In Citizens for Democracy through its President v. State of Assam and Others,[xiv] Supreme Court declared that handcuffs or other fetters shall not be forced on a prisoner - convicted or undertrial while lodged in a jail anywhere in the country or while transporting or in transit from one jail to another or from jail to court and back. The police and the jail authorities, on their own, shall have no authority to direct the hand-cuffing of any inmate of a jail in the country or during transport from one jail to another or from jail to court and back.

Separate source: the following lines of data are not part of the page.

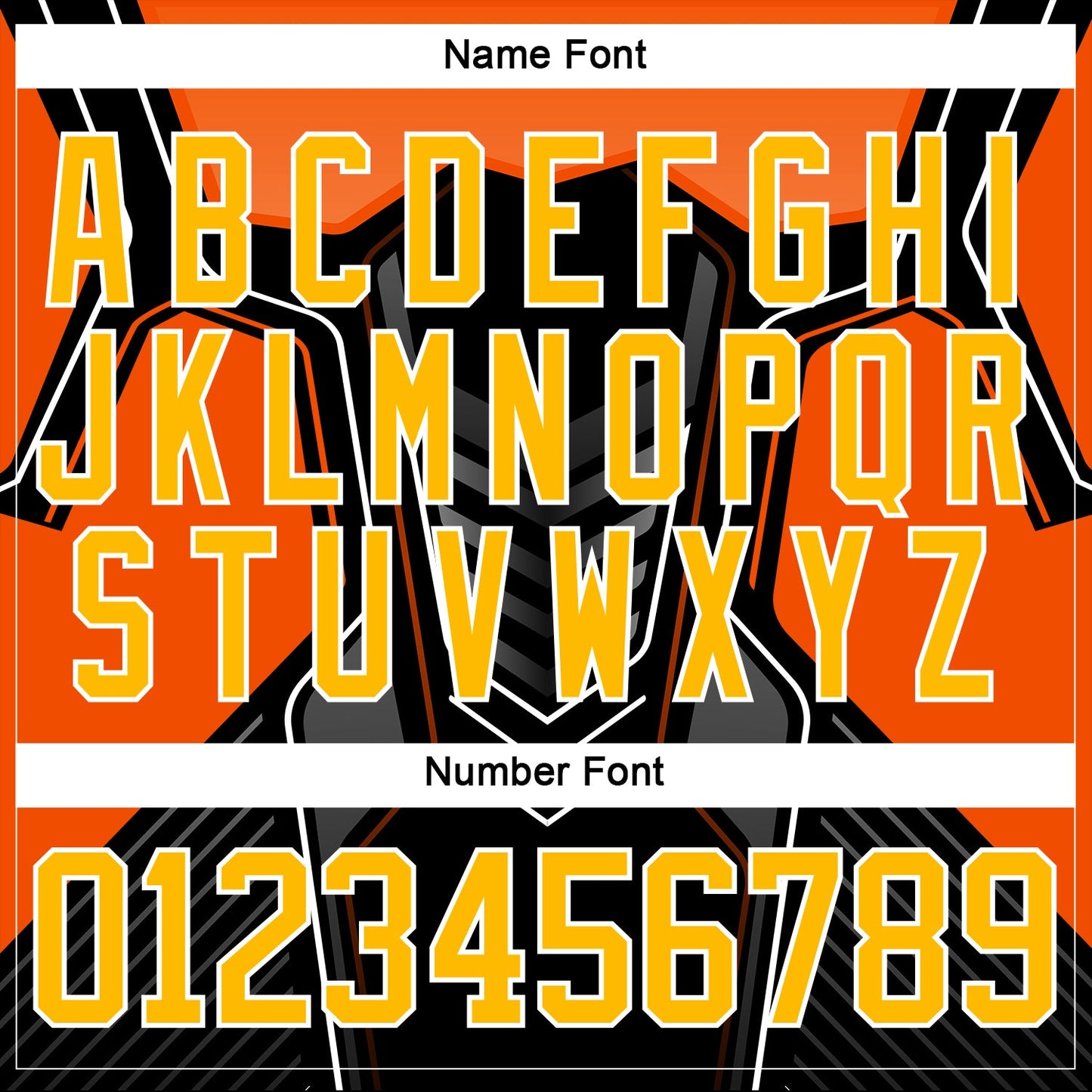 Custom Black Gold Gray Orange-White 3D Pattern Cyber Mecha E-sport Hockey Jersey view 5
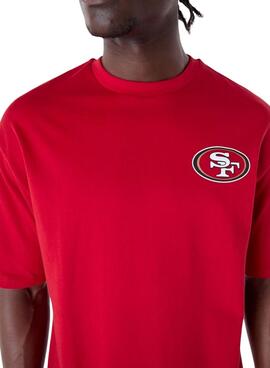 Camiseta New Era San Francisco 49ers rojo para hombre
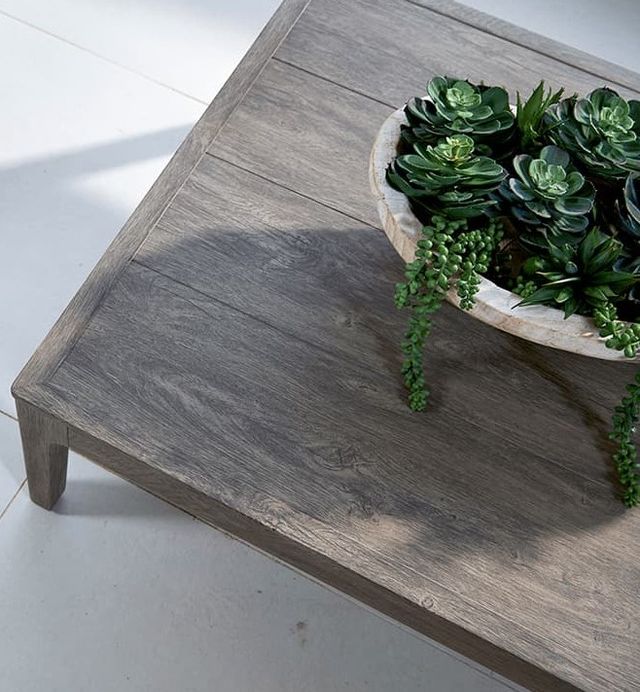 Lane Venture® Lenox Hill Quarry Gray Outdoor Aluminum/Wicker Cocktail Table-2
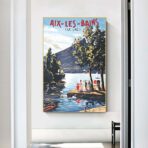 vecchio poster aix les bains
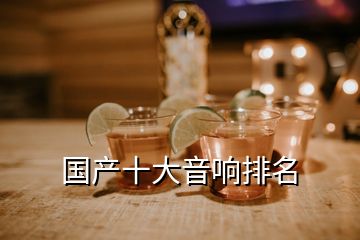 國產(chǎn)十大音響排名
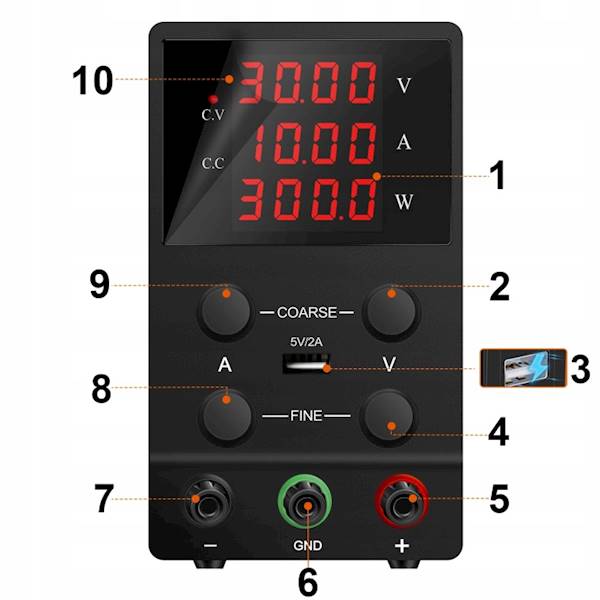 ZASILACZ LABORATORYJNY 0-30V/10A | Xtreme 58-624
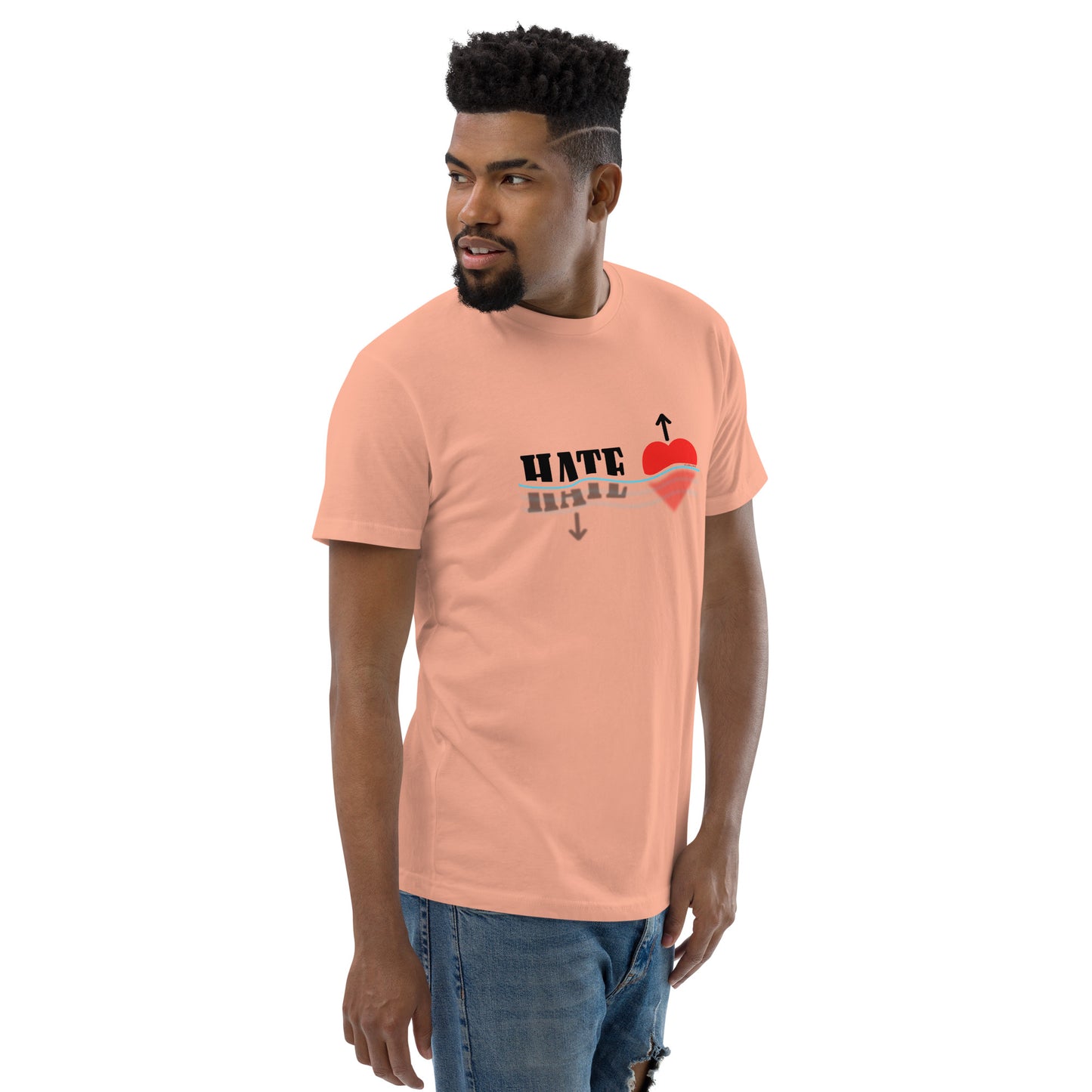 Sink Hate Raise Love Short Sleeve T-shirt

Where the police or the jail authorities have well-grounded basis for drawing a strong inference that a particular prisoner is likely to jump jail or break out of the custody then the said prisoner be produced before the Magistrate concerned and a prayer for permission to handcuff the prisoner be made before the said Magistrate.  A person arrested by police shall not be handcuffed unless special orders in that respect are obtained from the concern Magistrate at the time of the grant of the remand.

3.6 RIGHT TO HAVE INTERVIEW WITH FRIENDS, RELATIVES AND LAWYERS
            The Supreme Court in Sunil Batra (II)[xv] case recognized the right of the prisoners to be visited by their friends and relatives. The Court observed that visits to prisoners by family and friends are a solace in insulation, and only a dehumanized system can derive vicarious delight in depriving prison inmates of this humane amenity.

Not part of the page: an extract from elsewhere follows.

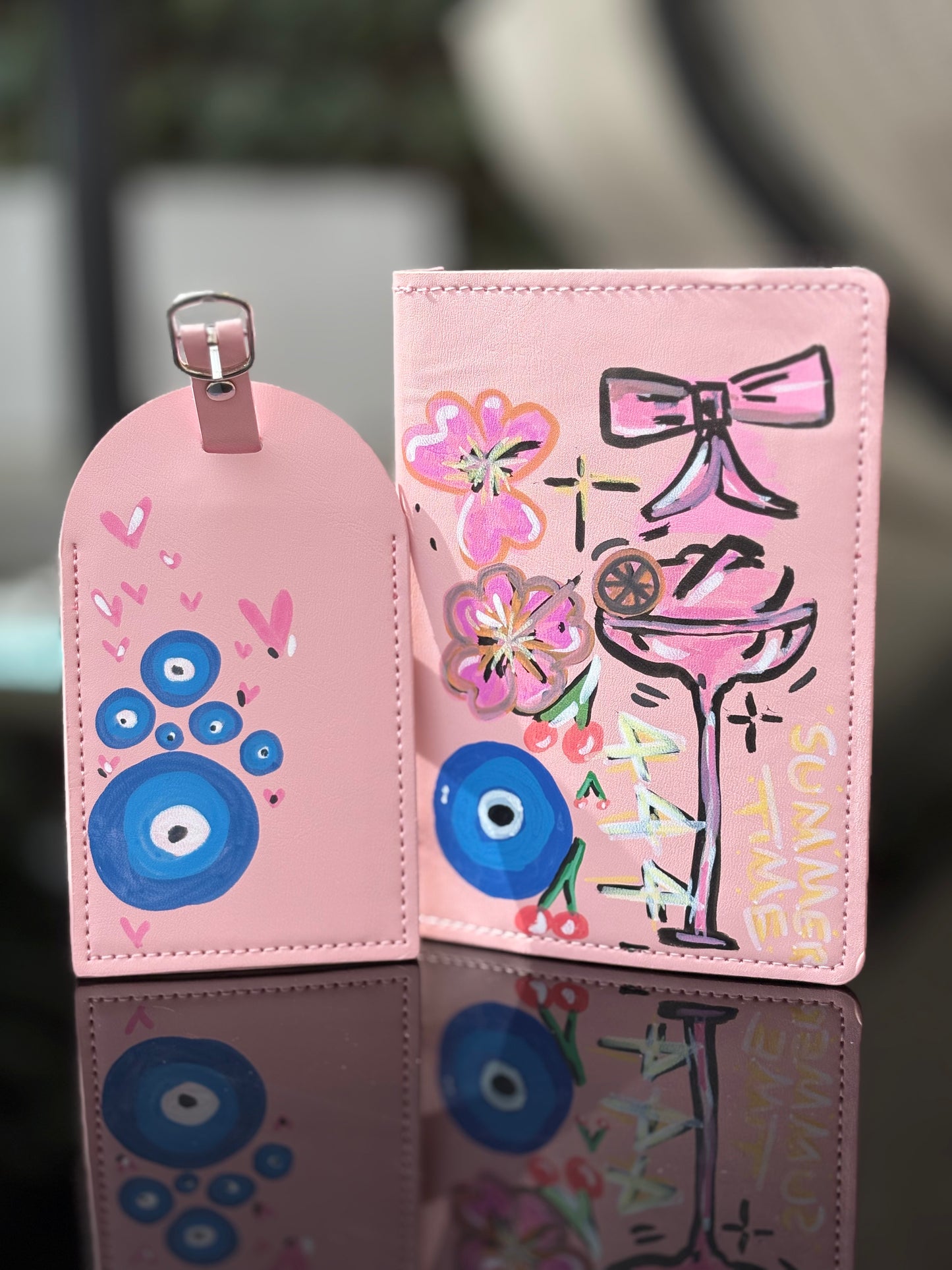 Personalised Passport Cover & suitcase tag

In Francis Coralie Mullin v. Administrator, Union Territory of Delhi,[xvi] the Supreme Court, while considering the scope of right to have interview with a lawyer and the members of his family, observed that right to life includes the right to live with human dignity. The court further held that any unreasonable restriction on the right to meet friends would be violative of Articles 21 and 14 of the Constitution.

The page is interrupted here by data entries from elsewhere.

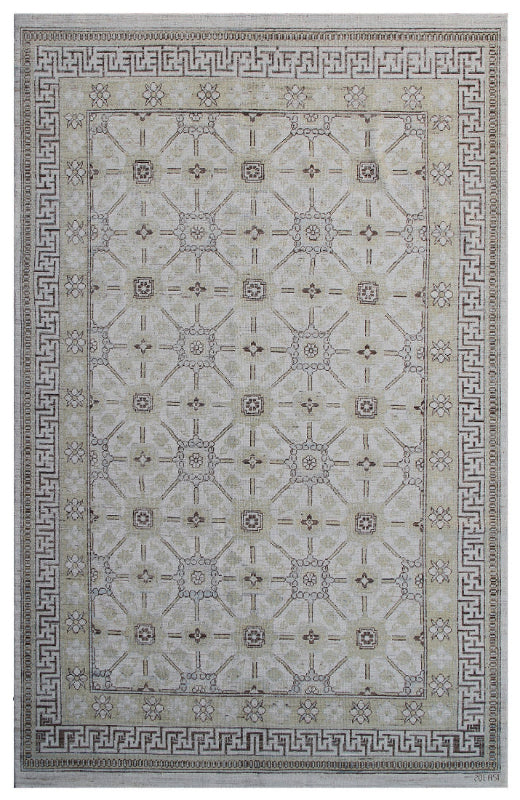 6'x9' Samarkand Design Ariana Transitional Geometric Area Rug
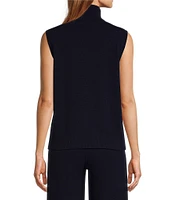 Antonio Melani Ivone Turtleneck Cashmere Sleeveless Sweater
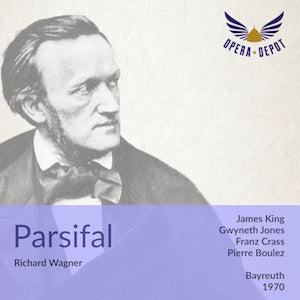 Wagner: Parsifal - King, Jones, Crass, Stewart, McIntyre, Ridderbusch; Boulez. Bayreuth, 1970 Discounts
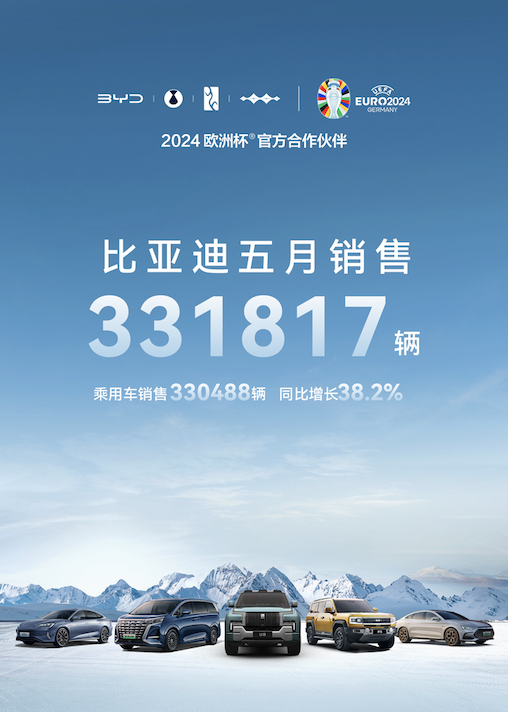 累计销量超33万台！比亚迪4月销量公布：同比增长38.2% 比亚迪 第1张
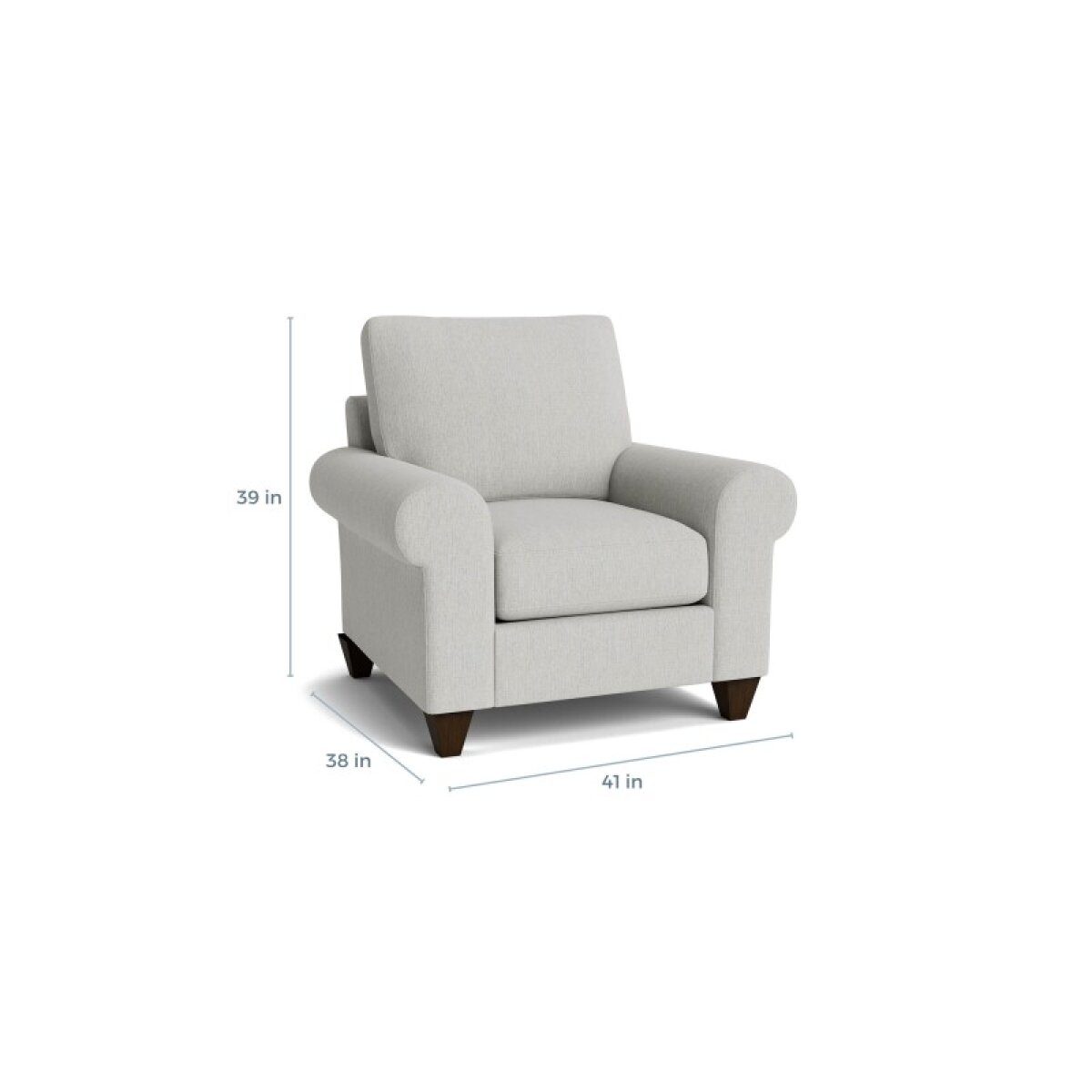 725fb366fff876f7f3c3add870aeaaa2 True Custom™ True CustomĀ® Large Roll Arm Accent Chair - Image 1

In Smt. Prabha Dutt v. Union of India,[xvii] Supreme Court of India observed that right of press to interview convicts in jail is not absolute but inter alia subject to consent of the interviewee and rules and regulations of Jail Manual. The authorities can deny such interviews on weighty reasons which must he recorded in writing. In case of unjustified refusal of interviews, Court can direct the jail authorities to grant interviews to the prisoners.

3.7 RIGHT TO FREE LEGAL AID

Right to free legal aid is one of the most important rights of the prisoners. Legal aid may be taken to mean free legal assistance to the poor persons in any judicial proceedings before the Courts or Tribunals. Actually it intends to provide free legal assistance to the poor persons who are not able to enforce the rights given to them by law.[xviii]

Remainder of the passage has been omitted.